[Toddy:] Nyuh!
Distressed damsels... dot info... dot biz... dot TV... dot org...
Backslash "gasm!" Nyuuh!
[Dial-up internet tones] [Toddy:] Oh yeah, baby! Come to papa!
Here we go! Any second now!
Gettin' sexier!
[More dial tones]
[Toddy:] Nyuh! Hurry up and gimme mah boobies, computer!
[Annoying honking]
[Goose:] Well hi there, partner! You surfin' the internet in the dark, huh?
Forever alone! Honk!
[Toddy:] What the duck!? Forever alone my lily-green ass!
[Goose:] I'm in ur trailer! Killin' all your faps!
Uha-ha-hoo-hoo-hoo!
[Toddy:] I have no idea what you just said,
but you're ruining my interweb intercourse!
[Greggers:] (chuckles) I knew you'd love
my new puppy, Mr. Todd. He followed me home from RoflCon.
Can we keep him, sir? Please?
[Toddy:] First of all, Greggers, it's a duck. Not a dog. And second of all,
NO YOU CAN'T KEEP HIM!
[Goose:] Honk! Well hey! You're both wrong!
I'm Meme Goosta, the meme-based goose!
Do a barrel roll!
[Toddy:] What the heck is a meme?
[Greggers:] Oh, Mr. Todd, you're so lame!
[Goose:] I'm rollin' on the floor,
laughin' my ass off!
[Greggers:] A meme is like an inside joke,
for the whole world.
[Toddy:] So wouldn't that be an outside joke, then?
You friggin' idiot!
[Greggers:] Maybe you don't get my dog's sense of humor.
[Toddy:] You call that funny?
When I was a kid, we used to hide in the woods
and fart on stumps.
Now that's comedy!
[Goose:] Honk! Cool story bro!
[Toddy:] Get outta my face, egg-sucker!
[Goose:] Woohoo! Watch out! We got a badass over here!
[Toddy:] That does it,
you egg-layin' sack of donkey balls!
I'm stuffin' a pillow with your ass!
[Goose:] Why u no laugh?
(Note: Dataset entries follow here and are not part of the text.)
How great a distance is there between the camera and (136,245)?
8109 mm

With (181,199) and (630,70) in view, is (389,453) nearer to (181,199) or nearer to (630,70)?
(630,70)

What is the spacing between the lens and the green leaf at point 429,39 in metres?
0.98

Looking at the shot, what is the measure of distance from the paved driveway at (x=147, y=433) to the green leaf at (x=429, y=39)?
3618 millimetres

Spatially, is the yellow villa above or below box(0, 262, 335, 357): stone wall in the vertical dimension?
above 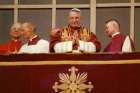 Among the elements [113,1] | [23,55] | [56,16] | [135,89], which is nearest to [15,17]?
[56,16]

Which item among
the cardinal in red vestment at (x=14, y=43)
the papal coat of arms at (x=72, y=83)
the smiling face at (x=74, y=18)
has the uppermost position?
the smiling face at (x=74, y=18)

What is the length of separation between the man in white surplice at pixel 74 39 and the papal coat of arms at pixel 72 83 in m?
0.30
HONK
[Toddy:] Prepare to be pâté, goose!
Now that's how you cook a goose!
[Goose:] It was the least I could do
to make up for all my lol-random hijinks!
[Toddy:] Hey guys! I can has goose?
(Laughing)
[Goose:] Honk!
We're eating my brother!
[Gundarr:] Gundarr on that weird part of youtube again.